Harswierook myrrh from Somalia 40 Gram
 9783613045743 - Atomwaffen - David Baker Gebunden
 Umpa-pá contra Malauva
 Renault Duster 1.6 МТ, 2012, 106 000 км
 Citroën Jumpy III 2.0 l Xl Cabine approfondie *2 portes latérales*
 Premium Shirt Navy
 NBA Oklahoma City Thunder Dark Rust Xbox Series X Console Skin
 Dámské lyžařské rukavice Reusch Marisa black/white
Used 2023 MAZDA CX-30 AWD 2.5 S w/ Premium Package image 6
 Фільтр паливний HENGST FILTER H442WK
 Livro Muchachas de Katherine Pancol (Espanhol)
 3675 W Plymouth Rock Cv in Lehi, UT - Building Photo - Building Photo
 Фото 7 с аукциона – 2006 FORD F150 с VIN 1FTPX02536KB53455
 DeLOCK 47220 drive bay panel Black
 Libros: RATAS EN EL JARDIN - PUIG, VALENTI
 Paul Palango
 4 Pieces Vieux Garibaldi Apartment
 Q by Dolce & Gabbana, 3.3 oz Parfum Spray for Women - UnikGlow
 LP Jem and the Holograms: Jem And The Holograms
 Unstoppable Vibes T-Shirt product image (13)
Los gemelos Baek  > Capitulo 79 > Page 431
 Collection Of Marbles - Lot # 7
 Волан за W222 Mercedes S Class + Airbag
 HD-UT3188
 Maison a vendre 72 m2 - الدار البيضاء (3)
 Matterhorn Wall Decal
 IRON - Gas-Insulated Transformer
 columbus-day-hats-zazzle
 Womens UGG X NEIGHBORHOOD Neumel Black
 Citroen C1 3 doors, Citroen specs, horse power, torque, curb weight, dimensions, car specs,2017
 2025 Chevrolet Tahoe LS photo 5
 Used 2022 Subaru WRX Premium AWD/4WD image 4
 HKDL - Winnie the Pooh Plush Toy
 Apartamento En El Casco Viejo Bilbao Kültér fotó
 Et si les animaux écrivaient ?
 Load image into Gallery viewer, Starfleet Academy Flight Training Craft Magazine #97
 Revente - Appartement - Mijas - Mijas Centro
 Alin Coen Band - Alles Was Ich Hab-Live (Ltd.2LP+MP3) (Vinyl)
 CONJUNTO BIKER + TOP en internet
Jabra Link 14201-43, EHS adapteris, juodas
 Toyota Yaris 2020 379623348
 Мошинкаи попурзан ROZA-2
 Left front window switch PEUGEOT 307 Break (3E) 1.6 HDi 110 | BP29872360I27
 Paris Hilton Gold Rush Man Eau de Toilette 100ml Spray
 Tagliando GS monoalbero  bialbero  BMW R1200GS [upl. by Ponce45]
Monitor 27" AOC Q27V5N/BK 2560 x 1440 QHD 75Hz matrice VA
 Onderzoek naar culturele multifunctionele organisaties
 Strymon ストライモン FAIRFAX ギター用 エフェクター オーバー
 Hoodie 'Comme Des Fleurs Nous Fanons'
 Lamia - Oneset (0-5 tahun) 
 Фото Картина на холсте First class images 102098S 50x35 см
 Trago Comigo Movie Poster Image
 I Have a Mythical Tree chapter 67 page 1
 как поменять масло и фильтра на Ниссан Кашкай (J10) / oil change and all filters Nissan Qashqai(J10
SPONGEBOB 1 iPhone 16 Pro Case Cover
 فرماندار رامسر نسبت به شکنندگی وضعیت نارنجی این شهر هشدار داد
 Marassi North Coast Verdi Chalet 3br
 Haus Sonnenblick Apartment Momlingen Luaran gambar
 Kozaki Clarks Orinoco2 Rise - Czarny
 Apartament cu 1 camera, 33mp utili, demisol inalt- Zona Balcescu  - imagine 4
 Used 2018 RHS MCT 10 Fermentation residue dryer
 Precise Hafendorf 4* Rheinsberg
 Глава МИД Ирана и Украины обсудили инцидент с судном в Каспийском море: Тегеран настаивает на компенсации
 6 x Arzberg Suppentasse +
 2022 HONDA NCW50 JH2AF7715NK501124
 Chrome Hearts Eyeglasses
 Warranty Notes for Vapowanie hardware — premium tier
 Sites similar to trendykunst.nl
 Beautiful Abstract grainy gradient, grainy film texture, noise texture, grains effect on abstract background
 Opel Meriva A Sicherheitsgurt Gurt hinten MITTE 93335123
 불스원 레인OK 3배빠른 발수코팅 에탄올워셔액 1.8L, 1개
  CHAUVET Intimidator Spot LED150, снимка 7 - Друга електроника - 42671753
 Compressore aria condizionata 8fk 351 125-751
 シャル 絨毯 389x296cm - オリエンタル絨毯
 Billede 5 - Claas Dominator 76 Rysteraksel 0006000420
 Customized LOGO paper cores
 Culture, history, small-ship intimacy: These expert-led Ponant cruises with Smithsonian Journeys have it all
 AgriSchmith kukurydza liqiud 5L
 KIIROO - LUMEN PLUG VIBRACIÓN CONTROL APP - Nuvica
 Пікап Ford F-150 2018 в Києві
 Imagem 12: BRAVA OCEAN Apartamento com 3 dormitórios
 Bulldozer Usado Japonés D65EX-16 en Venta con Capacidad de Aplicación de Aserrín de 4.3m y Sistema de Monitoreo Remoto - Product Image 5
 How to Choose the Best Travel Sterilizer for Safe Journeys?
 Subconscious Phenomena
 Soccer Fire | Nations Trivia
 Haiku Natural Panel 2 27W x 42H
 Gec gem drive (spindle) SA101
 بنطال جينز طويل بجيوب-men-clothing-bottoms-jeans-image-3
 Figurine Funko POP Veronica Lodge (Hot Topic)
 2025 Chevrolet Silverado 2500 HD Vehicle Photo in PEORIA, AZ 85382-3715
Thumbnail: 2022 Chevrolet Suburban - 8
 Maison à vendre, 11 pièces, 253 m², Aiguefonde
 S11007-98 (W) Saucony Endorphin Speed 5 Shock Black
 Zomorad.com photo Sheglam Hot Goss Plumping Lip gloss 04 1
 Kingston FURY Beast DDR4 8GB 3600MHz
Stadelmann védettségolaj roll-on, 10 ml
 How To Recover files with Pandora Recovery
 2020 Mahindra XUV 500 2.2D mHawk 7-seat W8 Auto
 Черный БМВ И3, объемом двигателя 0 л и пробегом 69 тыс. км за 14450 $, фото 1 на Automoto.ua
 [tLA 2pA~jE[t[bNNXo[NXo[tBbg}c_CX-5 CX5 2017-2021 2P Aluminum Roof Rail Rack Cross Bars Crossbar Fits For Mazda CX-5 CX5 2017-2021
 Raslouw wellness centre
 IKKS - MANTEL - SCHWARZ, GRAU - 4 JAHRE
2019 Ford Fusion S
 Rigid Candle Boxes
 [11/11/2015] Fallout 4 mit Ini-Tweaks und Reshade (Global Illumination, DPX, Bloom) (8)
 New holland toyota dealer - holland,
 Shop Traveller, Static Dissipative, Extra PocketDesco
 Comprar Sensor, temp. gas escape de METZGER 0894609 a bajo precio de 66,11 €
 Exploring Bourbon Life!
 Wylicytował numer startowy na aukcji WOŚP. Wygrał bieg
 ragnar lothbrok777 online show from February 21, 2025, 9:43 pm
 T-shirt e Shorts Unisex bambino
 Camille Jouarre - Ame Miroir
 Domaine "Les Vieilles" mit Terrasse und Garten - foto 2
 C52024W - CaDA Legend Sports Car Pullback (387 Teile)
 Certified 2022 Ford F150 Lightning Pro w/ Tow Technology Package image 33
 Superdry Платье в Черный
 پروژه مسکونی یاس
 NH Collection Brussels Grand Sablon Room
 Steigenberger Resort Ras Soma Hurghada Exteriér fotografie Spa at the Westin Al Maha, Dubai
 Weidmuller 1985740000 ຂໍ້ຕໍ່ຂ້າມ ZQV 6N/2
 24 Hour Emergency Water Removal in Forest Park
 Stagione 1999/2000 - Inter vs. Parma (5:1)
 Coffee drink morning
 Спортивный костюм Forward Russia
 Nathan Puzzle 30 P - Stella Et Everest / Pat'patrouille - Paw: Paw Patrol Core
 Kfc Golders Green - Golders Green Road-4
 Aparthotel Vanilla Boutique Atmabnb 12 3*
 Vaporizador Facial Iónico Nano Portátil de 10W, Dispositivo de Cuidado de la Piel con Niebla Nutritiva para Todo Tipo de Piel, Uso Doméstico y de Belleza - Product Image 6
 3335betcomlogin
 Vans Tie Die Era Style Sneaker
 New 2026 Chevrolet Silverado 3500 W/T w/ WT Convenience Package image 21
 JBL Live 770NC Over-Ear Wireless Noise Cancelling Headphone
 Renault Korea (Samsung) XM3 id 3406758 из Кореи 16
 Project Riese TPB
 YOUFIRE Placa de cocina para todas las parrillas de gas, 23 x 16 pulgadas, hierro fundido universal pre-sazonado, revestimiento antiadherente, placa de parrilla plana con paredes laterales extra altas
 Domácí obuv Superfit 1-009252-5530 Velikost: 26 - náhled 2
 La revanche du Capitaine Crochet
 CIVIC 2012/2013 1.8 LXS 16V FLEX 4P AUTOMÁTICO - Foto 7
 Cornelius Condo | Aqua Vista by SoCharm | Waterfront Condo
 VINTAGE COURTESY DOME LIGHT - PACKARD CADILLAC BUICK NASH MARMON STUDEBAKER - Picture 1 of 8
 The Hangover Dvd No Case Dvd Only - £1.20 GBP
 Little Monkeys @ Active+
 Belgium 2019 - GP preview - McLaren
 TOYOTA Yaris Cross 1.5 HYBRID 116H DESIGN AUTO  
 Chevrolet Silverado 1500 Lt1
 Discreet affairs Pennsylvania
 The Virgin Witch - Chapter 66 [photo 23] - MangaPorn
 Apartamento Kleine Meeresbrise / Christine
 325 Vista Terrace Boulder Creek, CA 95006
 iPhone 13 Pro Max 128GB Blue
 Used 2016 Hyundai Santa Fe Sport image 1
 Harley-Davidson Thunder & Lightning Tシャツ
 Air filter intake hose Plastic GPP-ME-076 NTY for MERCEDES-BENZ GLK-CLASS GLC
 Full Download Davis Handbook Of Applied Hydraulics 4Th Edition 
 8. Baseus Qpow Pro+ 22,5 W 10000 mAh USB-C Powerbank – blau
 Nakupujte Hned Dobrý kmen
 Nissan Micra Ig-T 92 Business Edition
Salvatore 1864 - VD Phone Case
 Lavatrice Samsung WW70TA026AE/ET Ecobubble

> _Work order_: Retype, exactly and in full, the lines above from the one containing "Camille Jouarre - Ame Miroir" through the one containing "Kfc Golders Green - Golders Green Road-4".

> _Response to the exercise_:
 Camille Jouarre - Ame Miroir
 Domaine "Les Vieilles" mit Terrasse und Garten - foto 2
 C52024W - CaDA Legend Sports Car Pullback (387 Teile)
 Certified 2022 Ford F150 Lightning Pro w/ Tow Technology Package image 33
 Superdry Платье в Черный
 پروژه مسکونی یاس
 NH Collection Brussels Grand Sablon Room
 Steigenberger Resort Ras Soma Hurghada Exteriér fotografie Spa at the Westin Al Maha, Dubai
 Weidmuller 1985740000 ຂໍ້ຕໍ່ຂ້າມ ZQV 6N/2
 24 Hour Emergency Water Removal in Forest Park
 Stagione 1999/2000 - Inter vs. Parma (5:1)
 Coffee drink morning
 Спортивный костюм Forward Russia
 Nathan Puzzle 30 P - Stella Et Everest / Pat'patrouille - Paw: Paw Patrol Core
 Kfc Golders Green - Golders Green Road-4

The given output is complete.